Diagn Cytopathol. 1996 Dec;15(5):427-30. doi: 10.1002/(SICI)1097-0339(199612)15:5<427::AID-DC14>3.0.CO;2-P.
Combining cytomorphology and immunophenotypic data in evaluation of effusions for lymphomatous involvement is reliable, non-invasive, and expeditious. In this study, 30 effusion specimens from 30 patients with clinically suspected or previously diagnosed non-Hodgkin's lymphoma (NHL) were evaluated cytomorphologically and by flow cytometric immunophenotyping with a large panel of monoclonal antibodies. Of 11 patients with a previous diagnosis of NHL, 50% had cytomorphologic and immunophenotypic evidence of lymphomatous involvement of effusion specimens; therefore, flow cytometric immunophenotyping is recommended in these cases since there may be substantial therapeutic impact. In addition, 69% of the effusions positive for lymphomatous involvement represented newly diagnosed NHL; in 36% of these cases, tissue biopsy was not necessary since they were either high-grade (lymphoblastic or small, non-cleaved cell type) or of the small lymphocytic lymphoma cell type.

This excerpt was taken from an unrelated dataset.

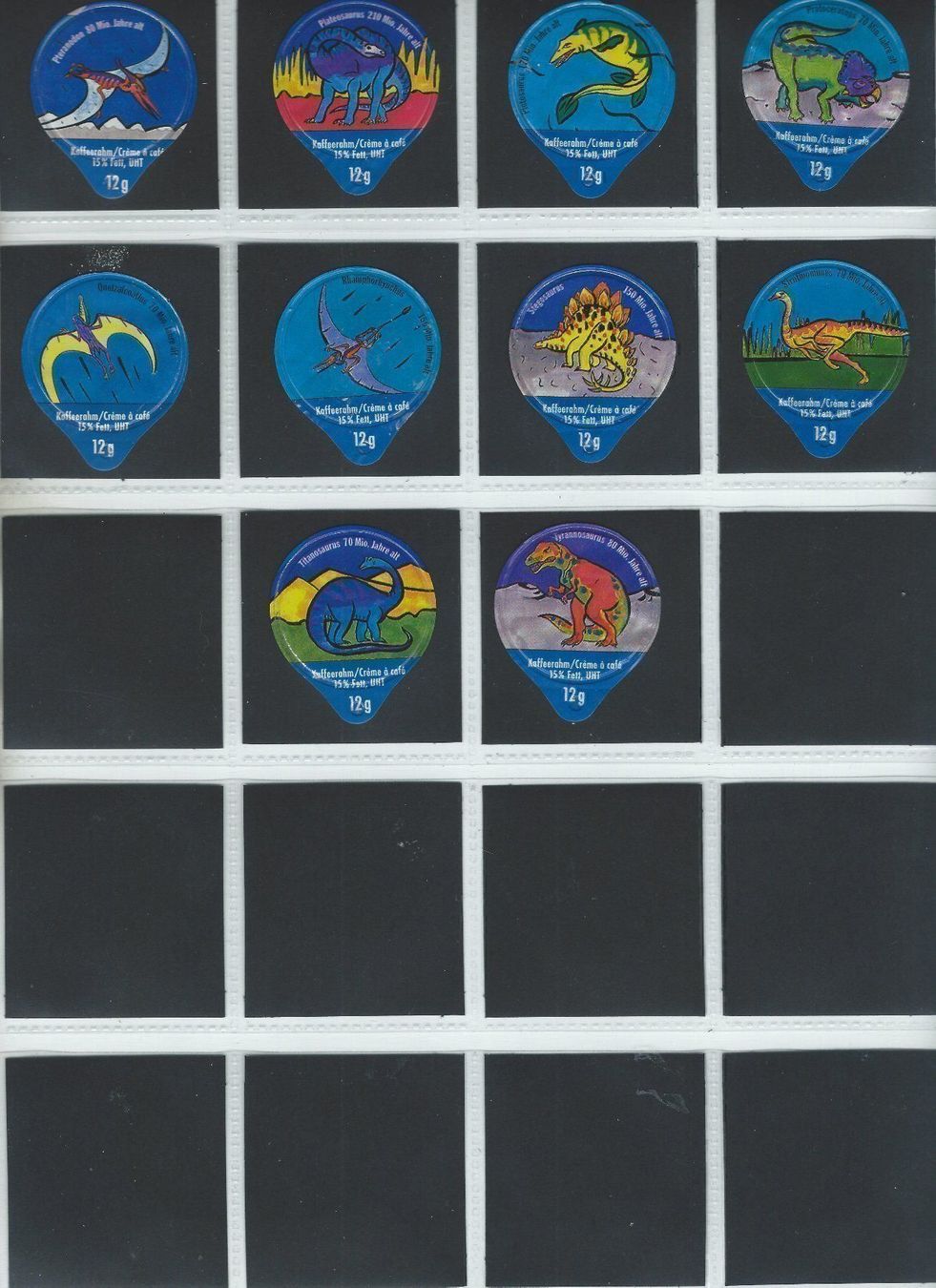 Kaffeerahmdeckel: KRD. Dinosaurier III 1993 / 83 C – Gebraucht aus Hochdorf von KRdeckeli 1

在评估积液是否存在淋巴瘤累及方面,结合细胞形态学和免疫表型数据是可靠、无创且快速的。在本研究中,对30例临床疑似或先前诊断为非霍奇金淋巴瘤(NHL)患者的30份积液标本进行了细胞形态学评估,并采用大量单克隆抗体通过流式细胞术免疫表型分析进行检测。在11例先前诊断为NHL的患者中,50%的积液标本有细胞形态学和免疫表型证据表明存在淋巴瘤累及;因此,在这些病例中建议进行流式细胞术免疫表型分析,因为这可能对治疗有重大影响。此外,69%的积液淋巴瘤累及阳性代表新诊断的NHL;在其中36%的病例中,由于它们要么是高级别(淋巴母细胞性或小无裂细胞型),要么是小淋巴细胞淋巴瘤细胞型,所以无需进行组织活检。